REQUIREMENT ->
Find the line with "Decorative Key Bowl" in the entries below, then reproduce it and every line after it down to and including the line with "Ekena Millwork Saratoga", exactly.

RECORDS SHOWN ->
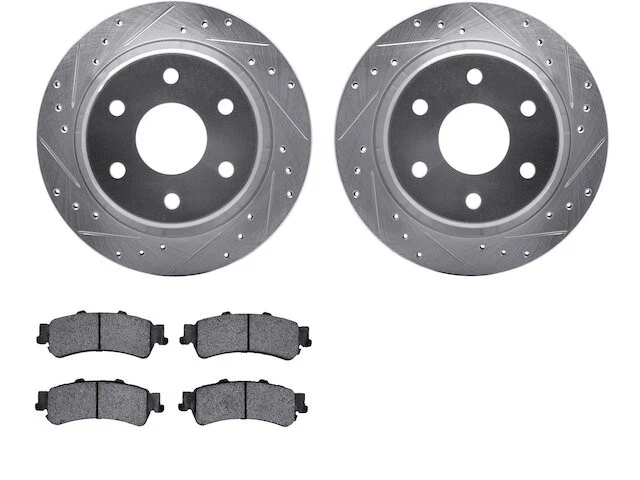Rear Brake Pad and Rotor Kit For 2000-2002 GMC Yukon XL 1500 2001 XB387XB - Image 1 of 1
...
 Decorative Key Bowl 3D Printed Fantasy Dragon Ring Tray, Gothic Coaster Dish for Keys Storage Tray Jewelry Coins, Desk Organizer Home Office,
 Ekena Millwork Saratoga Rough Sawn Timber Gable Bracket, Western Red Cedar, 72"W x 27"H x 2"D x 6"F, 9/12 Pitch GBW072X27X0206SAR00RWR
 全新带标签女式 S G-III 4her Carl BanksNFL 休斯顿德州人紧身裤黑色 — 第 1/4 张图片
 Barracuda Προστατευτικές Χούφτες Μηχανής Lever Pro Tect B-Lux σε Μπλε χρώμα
--
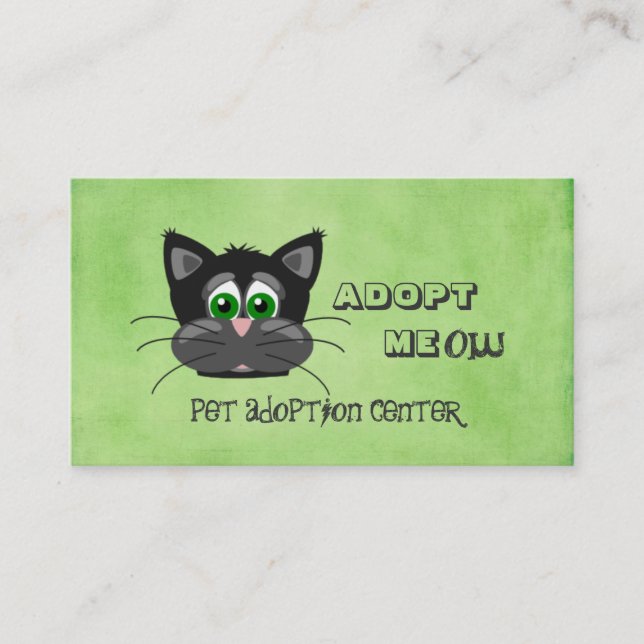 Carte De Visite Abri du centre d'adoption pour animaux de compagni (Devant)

ANSWER BOX ->
 Decorative Key Bowl 3D Printed Fantasy Dragon Ring Tray, Gothic Coaster Dish for Keys Storage Tray Jewelry Coins, Desk Organizer Home Office,
 Ekena Millwork Saratoga Rough Sawn Timber Gable Bracket, Western Red Cedar, 72"W x 27"H x 2"D x 6"F, 9/12 Pitch GBW072X27X0206SAR00RWR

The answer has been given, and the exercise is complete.